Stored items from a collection
● ● ● ●
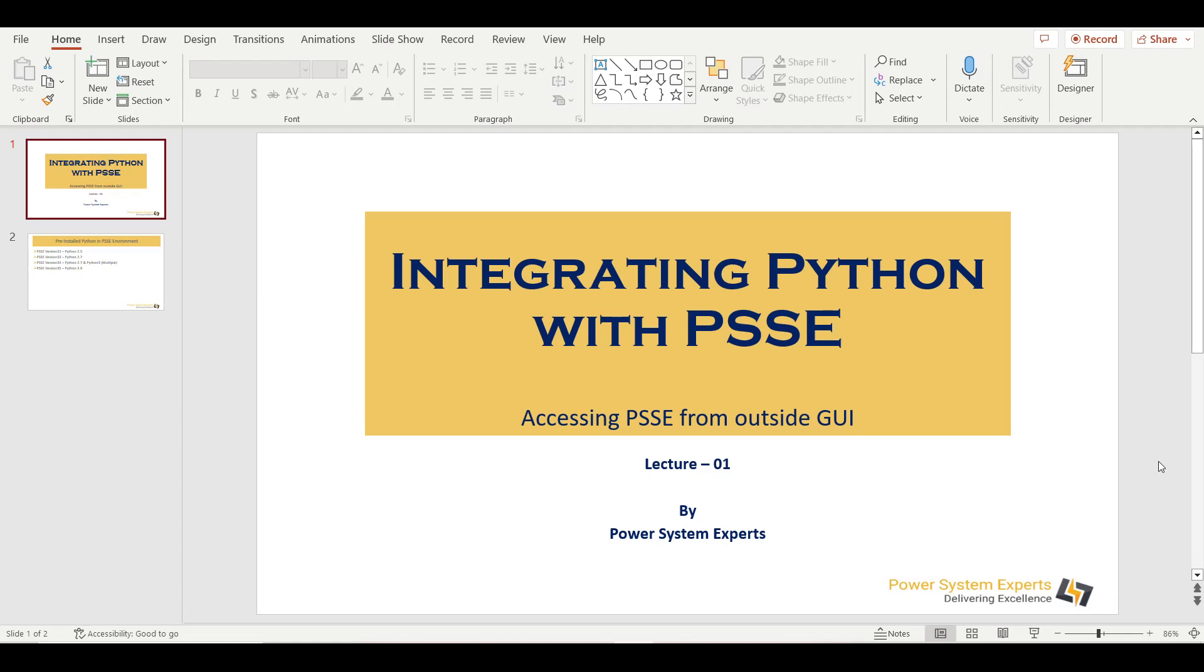Welcome everyone. In this video we are going to demonstrate how to integrate Python with PSSE.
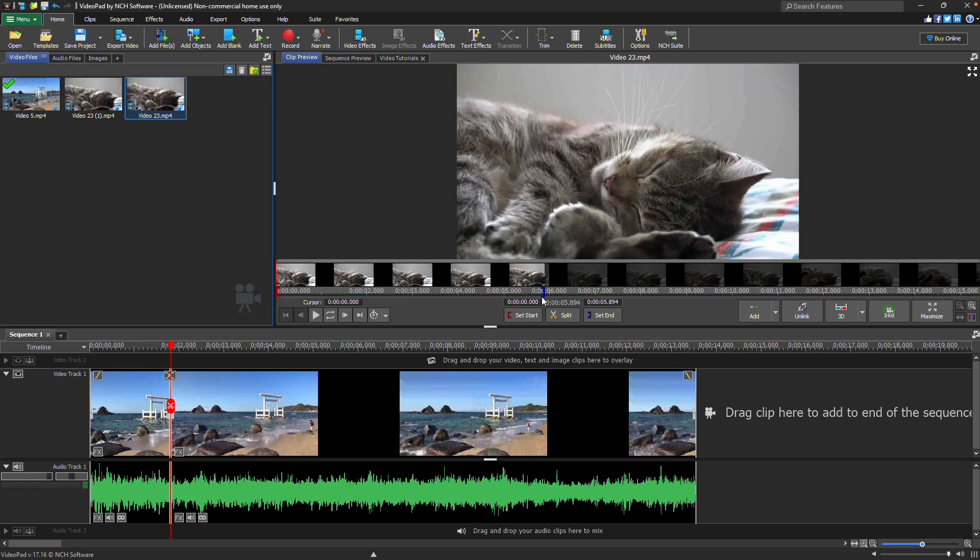Only this bracketed section will be added to the sequence when using the place button or dragging the clip onto the timeline.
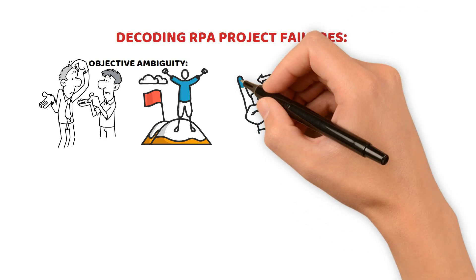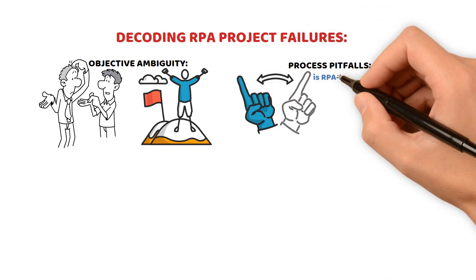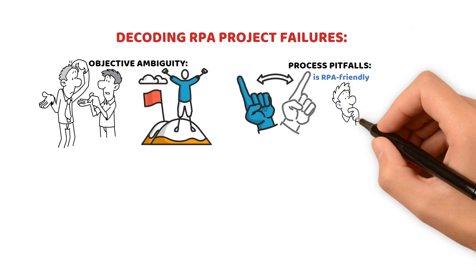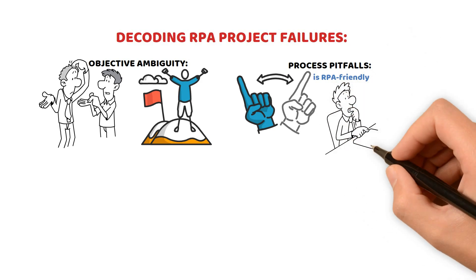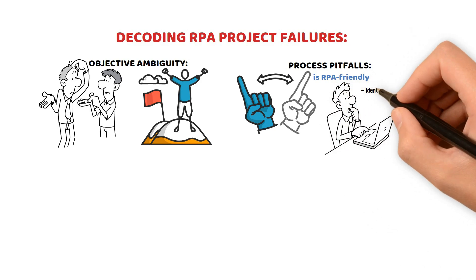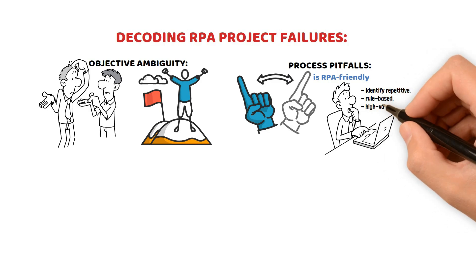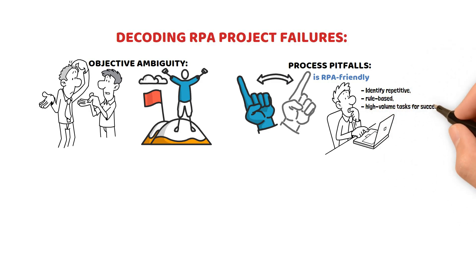Process Pitfalls: Not every process is RPA-friendly. Selection missteps lead to failure. Identify repetitive, rule-based, high-volume tasks for success.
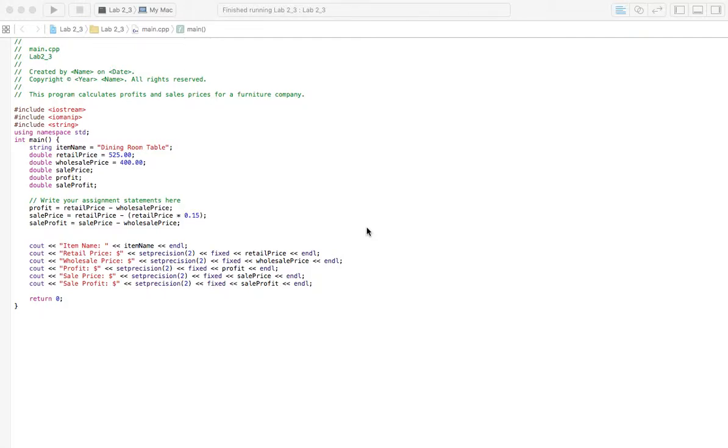Welcome to Homework Answers. We are going through the book C++ Programs to Accompany Programming, Logic, and Design, 8th edition, by Joanne Smith. And in this video we're covering Lab 2-3.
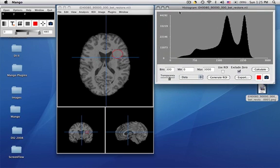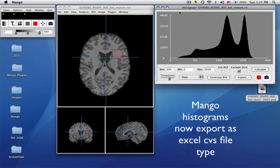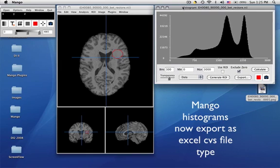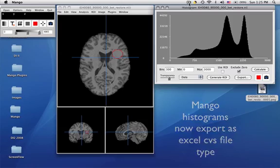So these are most of the features for histogram in Mango. We continually upgrade these. So you'll have to read through the manual to check to see what the latest features are.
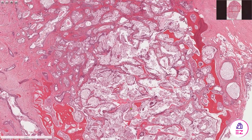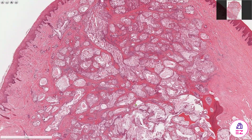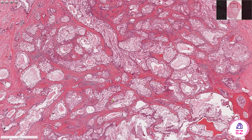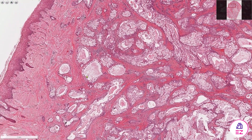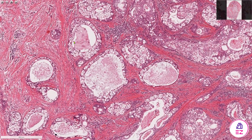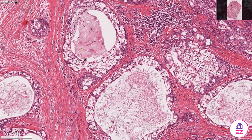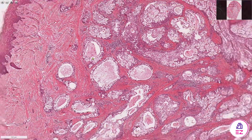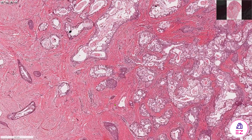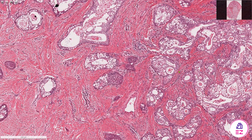Generally, mucoepidermoid carcinomas have a mixture of solid and cystic components. We can see multiple cystic structures and some of them are filled with mucinous material, and in other areas we have more solid nests as well, but even some of these have smaller cysts within them.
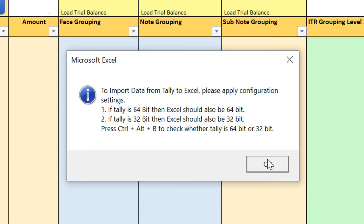If you have Tally 32-bit, then Excel should also be 32-bit. In most cases, what happens is people have 64-bit Tally but they don't have Excel 64-bit; they have Excel 32-bit.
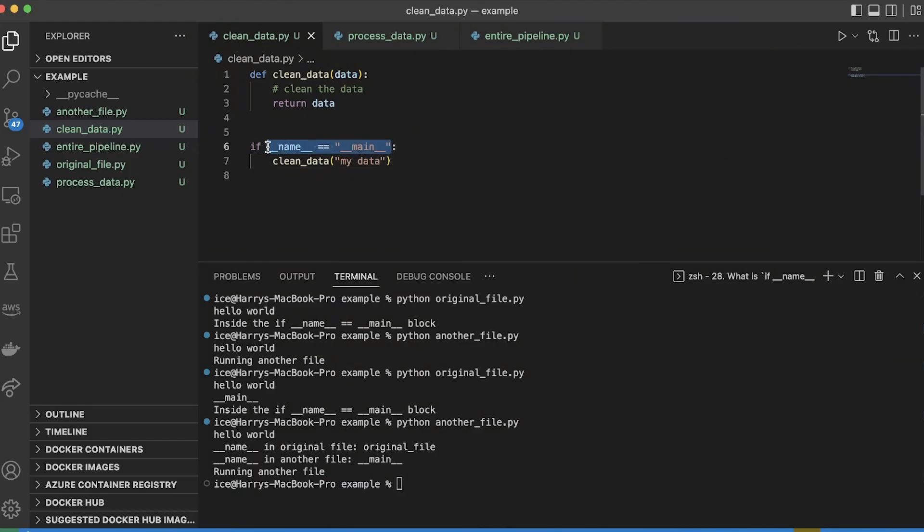So you're going to see this block everywhere. And it's really important to understand how it works. So play around with that and make sure you're clear on it.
● ● ● ●
Required work: Retype every record as it stands. None of the pictures should appear.

Response to the task:
Welcome everyone. In this video we are going to demonstrate how to integrate Python with PSSE.
Only this bracketed section will be added to the sequence when using the place button or dragging the clip onto the timeline.
Process Pitfalls: Not every process is RPA-friendly. Selection missteps lead to failure. Identify repetitive, rule-based, high-volume tasks for success.
Welcome to Homework Answers. We are going through the book C++ Programs to Accompany Programming, Logic, and Design, 8th edition, by Joanne Smith. And in this video we're covering Lab 2-3.
So these are most of the features for histogram in Mango. We continually upgrade these. So you'll have to read through the manual to check to see what the latest features are.
Generally, mucoepidermoid carcinomas have a mixture of solid and cystic components. We can see multiple cystic structures and some of them are filled with mucinous material, and in other areas we have more solid nests as well, but even some of these have smaller cysts within them.
If you have Tally 32-bit, then Excel should also be 32-bit. In most cases, what happens is people have 64-bit Tally but they don't have Excel 64-bit; they have Excel 32-bit.
So you're going to see this block everywhere. And it's really important to understand how it works. So play around with that and make sure you're clear on it.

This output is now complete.